When it got to questions from the audience, it got a bit rowdy. The big issue was of the local council selling off a large slice of public park for a gigantic Tesco’s supermarket, keeping all the details commercially confidential, and doing everything in its power to ignore and deny local opinion.

Not being good at thinking aloud, I didn’t say anything useful. Here’s what I would have said:

We’ve been told that the “traditional” democratic procedures are perfectly all right, because we have the options to express our political opinions by (a) voting, or if that doesn’t work, by (b) joining a party and running for office, or if that doesn’t work, by (c) setting up our own party (he chuckled, slapping Lord Rodgers on the back).

Unfortunately, due to the electoral system and the location of my house, my vote doesn’t count for anything at all. I am also not a barrister with ten years of training in public speaking to make myself eligible for political office. And I also haven’t got 20 years of Parliamentary service, building up connections with enough people and able to break away and form my own party.

You, sir, have therefore recommended that I be content with these three options within the “traditional” process, which you know won’t work as certainly as you know that my applying for one of those Executive’s jobs printed in the Financial Times won’t work. That is immoral.

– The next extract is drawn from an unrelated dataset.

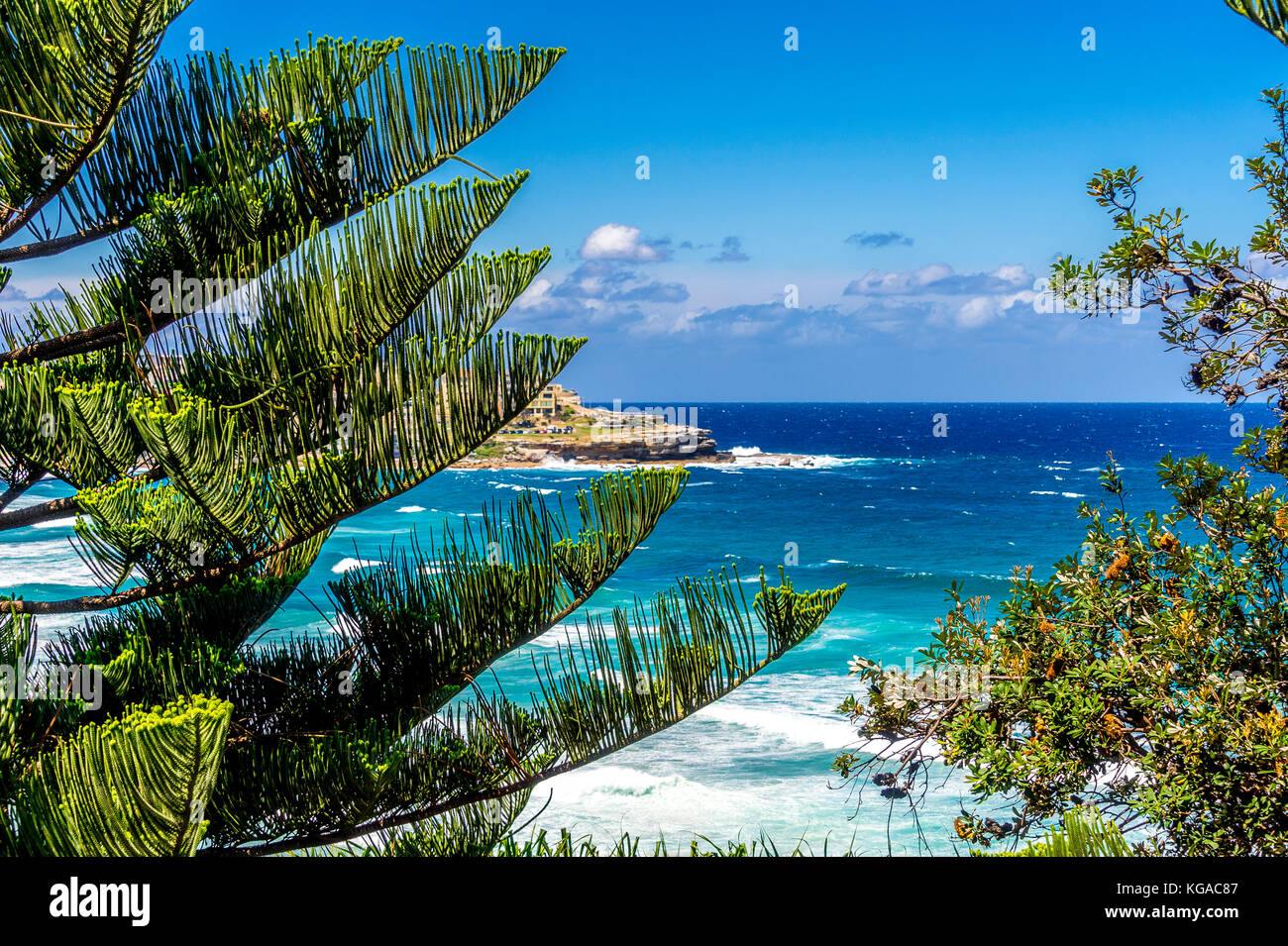 Alberi di pino a Bondi Beach a Sydney, NSW, Australia Foto Stock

I am surprised I have not heard of a fourth option for these good people of Kirby who are going to lose their park to Tesco’s, which is: “If they don’t like it, they should not go shopping there when it’s built.”

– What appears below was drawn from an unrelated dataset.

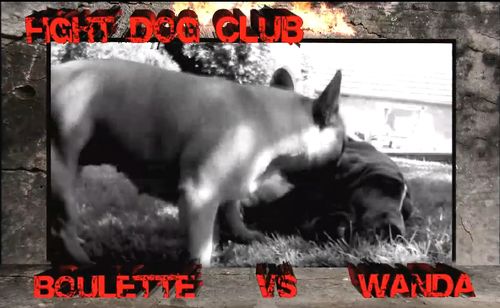 Fight Dog Club entre Boulette et Wanda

The only things that have ever, ever worked to move politics forward have been strikes, riots, direct action, and civil disobedience. If the locals cared to put their minds to it, they could certainly break in and create enough mischief against all the machinery used for the destruction of their park over the course of the build to become part of the business calculation.

These extremely traditional methods get issues forced onto the agenda where concessions can be made. It has totally obvious that you cannot reason with your employer for a 40 hour week unless you are able to threaten a damaging enough strike. Otherwise he is not going to talk.

It would seem to me that the most important pillar of our current highly developed political process is a systematic mis-education of the public into the false belief that our current series of institutions (a) work and are self-correcting, and (b) are wholly responsible for all the gains we have made so far. They are not.

Our politicians are the last people we should trust to tell us whether the system is doing a good job. They have a conflict of interest. Yet they are always the ones the media turns to for comment.